It seems that the light is beginning to dawn. A press headline from August 4th reads “Reforms to add £300 to energy bills“. Consumer groups have warned that this increase could be “the last straw” for hard-pressed households. The energy pricing website uSwitch.com says “seven million families could be left shivering under the spectre of fuel poverty”.
And it seems that David Cameron is listening, and is alarmed. And so he should be — this could lose him the next election. But the question is — why only now? Industry sources, academics and think tanks have been pointing to the appalling effects of our “green” plans on our energy prices for many months. We are set to give ourselves the most expensive electricity in the world. If I can say so modestly, I’ve been banging on about it for years. Whole books have been written about it. But apparently it takes a report from a Downing Street insider, Ben Moxham, to get Cameron’s attention. Admittedly, Mr. Moxham has considerable expertise in this field, having worked for BP, and later for a private equity firm run by Lord Browne. But one might have expected Downing Street to have been aware of the problem before now.
So far, Cameron’s response to the crisis has been to seek to bring down energy prices by giving more powers to Ofgem, and by increasing competition. Chris Huhne, on the other hand, pins his faith on energy-saving measures by householders — as though some extra loft insulation could counteract price rises of 30 or 40%.
These “solutions” are simply whistling in the wind (a slightly more robust metaphor comes to mind, but is unsuitable for family reading around the fireside). It is fiddling at the margin, while energy prices continue their relentless escalation.
Apparently DECC, the Treasury and the Department for Local Government are going to get their heads together to see what can be done.
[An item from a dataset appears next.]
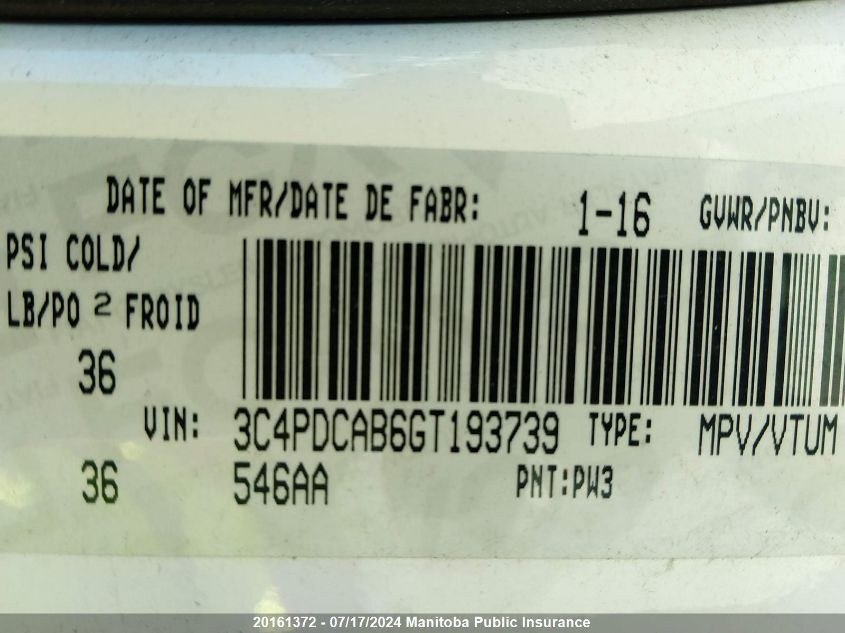 2016 Dodge Journey Se VIN: 3C4PDCAB6GT193739 Lot: 20161372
I don’t imagine for a moment that Cameron’s aides are chewing on their fingernails in anticipation as they await my advice, but I shall offer it anyway. First, we have to abandon this lunatic race for wind energy. It can’t be said too often: wind energy means we have to make the same investment twice over: once for the turbines, and again for the conventional back-up (probably gas).
So the alternative strategy is:
1 Cancel the wind turbines
2 Build gas-fired capacity for the medium term
3 Tell the EU that we are unable to implement the Large Combustion Plant Directive, and that we will not close down our coal-fired power stations. Add that we will not entertain any fine or penalty for being in breach of the directive.
4 For the long-term (ten years plus), build nuclear power stations (and keep building them until they can supply say 50% of UK capacity, against less than 20% today).
There will still be high costs for new investment, but at least the investment will deliver competitively-priced energy.